WORK INSTRUCTIONS:
Repeat each entry as written, dropping any picture you find.

Crawled caption data:
----
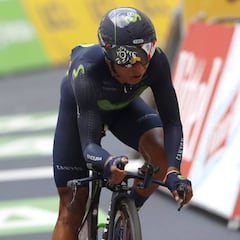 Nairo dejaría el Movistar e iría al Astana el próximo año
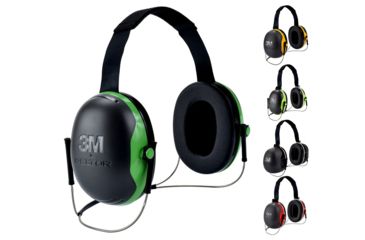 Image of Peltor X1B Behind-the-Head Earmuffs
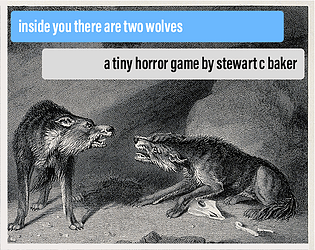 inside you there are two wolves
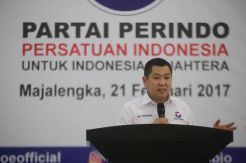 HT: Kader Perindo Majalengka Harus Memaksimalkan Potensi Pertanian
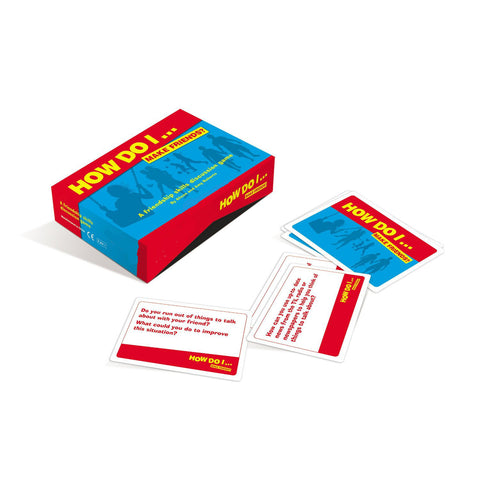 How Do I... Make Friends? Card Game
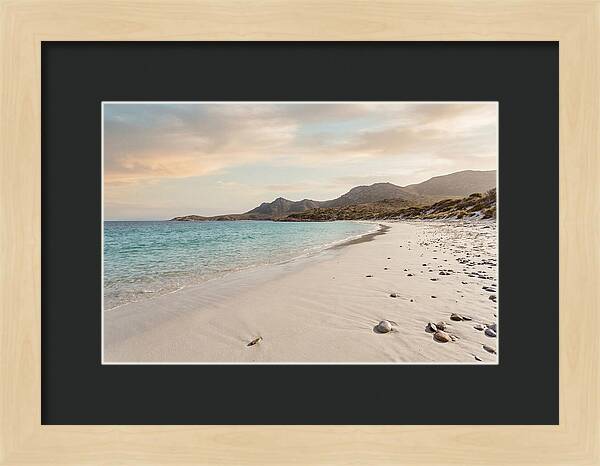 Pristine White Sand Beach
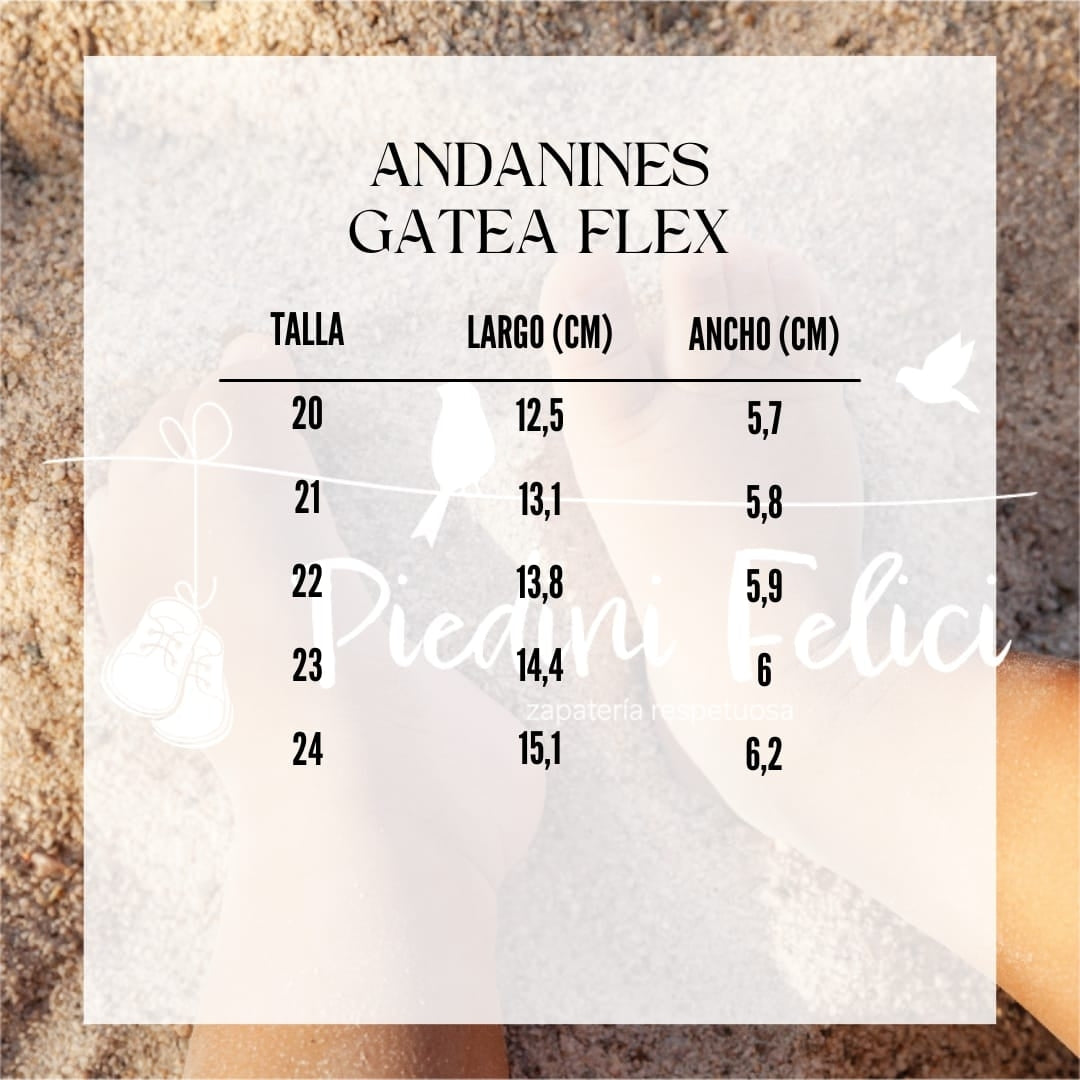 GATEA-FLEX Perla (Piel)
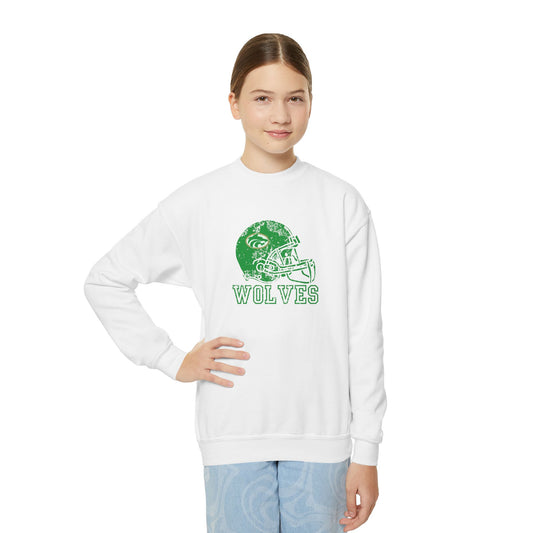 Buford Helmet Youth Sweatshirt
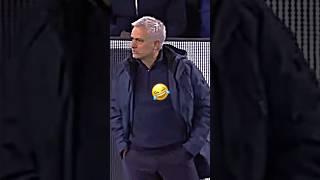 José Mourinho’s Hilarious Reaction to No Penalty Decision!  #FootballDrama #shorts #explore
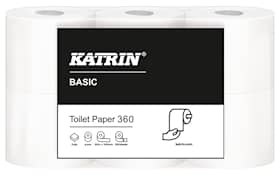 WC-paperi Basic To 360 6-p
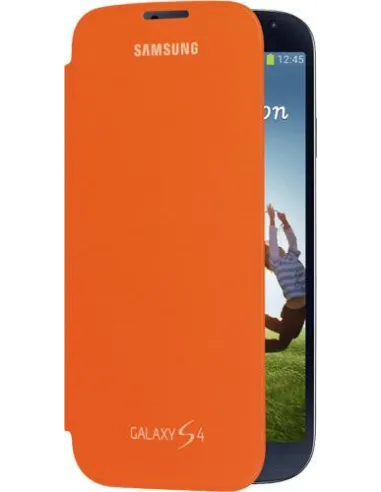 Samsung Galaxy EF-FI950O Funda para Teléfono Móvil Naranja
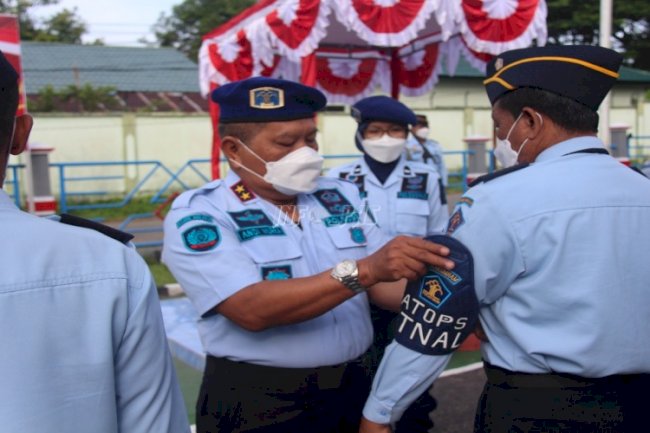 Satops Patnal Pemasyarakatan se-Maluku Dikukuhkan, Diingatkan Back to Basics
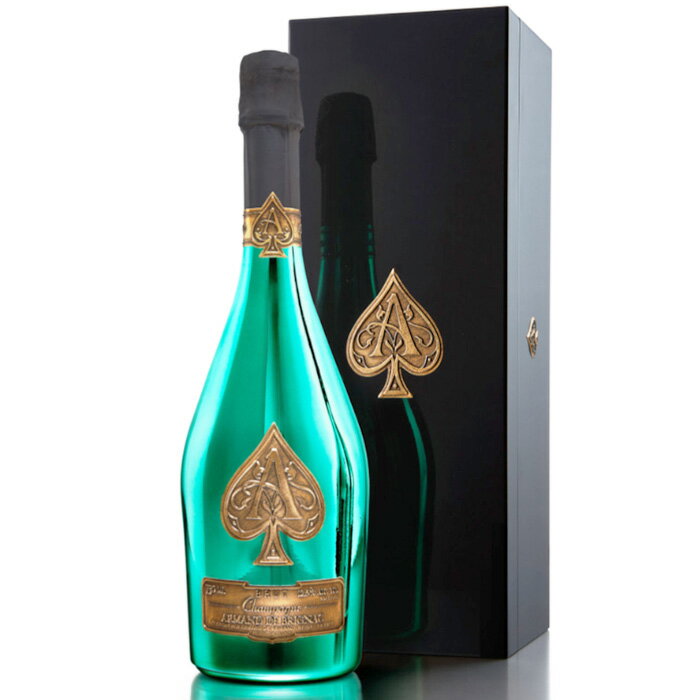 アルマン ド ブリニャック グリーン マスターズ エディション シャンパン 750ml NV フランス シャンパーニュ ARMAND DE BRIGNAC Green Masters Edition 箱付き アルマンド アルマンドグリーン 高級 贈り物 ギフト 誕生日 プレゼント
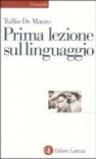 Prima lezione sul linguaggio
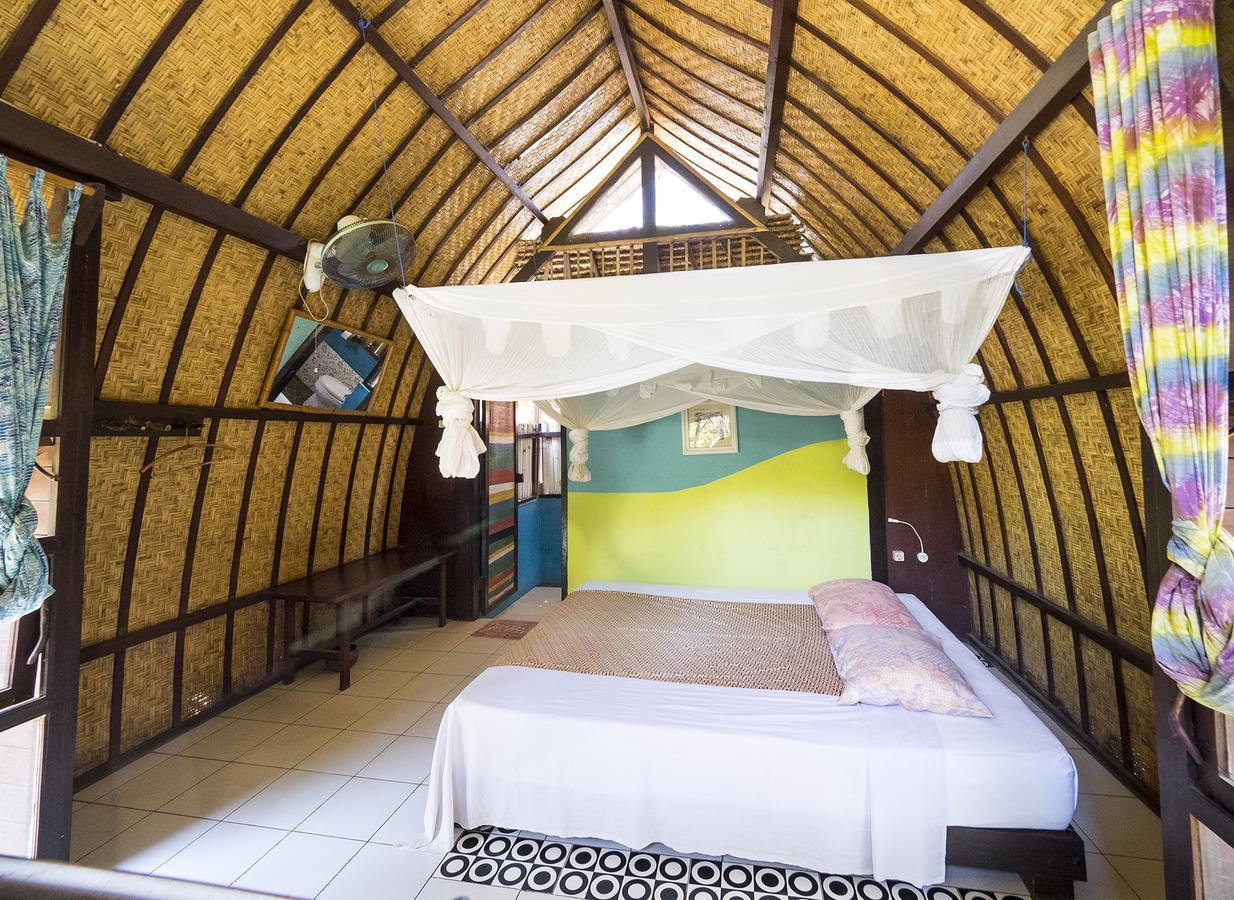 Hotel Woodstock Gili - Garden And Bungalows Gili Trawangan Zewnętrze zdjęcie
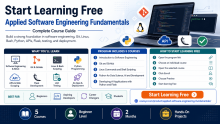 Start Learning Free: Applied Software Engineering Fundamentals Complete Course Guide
----
SOLUTION:
 Nairo dejaría el Movistar e iría al Astana el próximo año
 Image of Peltor X1B Behind-the-Head Earmuffs
 inside you there are two wolves
 HT: Kader Perindo Majalengka Harus Memaksimalkan Potensi Pertanian
 How Do I... Make Friends? Card Game
 Pristine White Sand Beach
 GATEA-FLEX Perla (Piel)
 Buford Helmet Youth Sweatshirt
 José Mourinho’s Hilarious Reaction to No Penalty Decision!  #FootballDrama #shorts #explore
 WC-paperi Basic To 360 6-p
 Samsung Galaxy EF-FI950O Funda para Teléfono Móvil Naranja
 Satops Patnal Pemasyarakatan se-Maluku Dikukuhkan, Diingatkan Back to Basics
 アルマン ド ブリニャック グリーン マスターズ エディション シャンパン 750ml NV フランス シャンパーニュ ARMAND DE BRIGNAC Green Masters Edition 箱付き アルマンド アルマンドグリーン 高級 贈り物 ギフト 誕生日 プレゼント
 Prima lezione sul linguaggio
 Hotel Woodstock Gili - Garden And Bungalows Gili Trawangan Zewnętrze zdjęcie
 Start Learning Free: Applied Software Engineering Fundamentals Complete Course Guide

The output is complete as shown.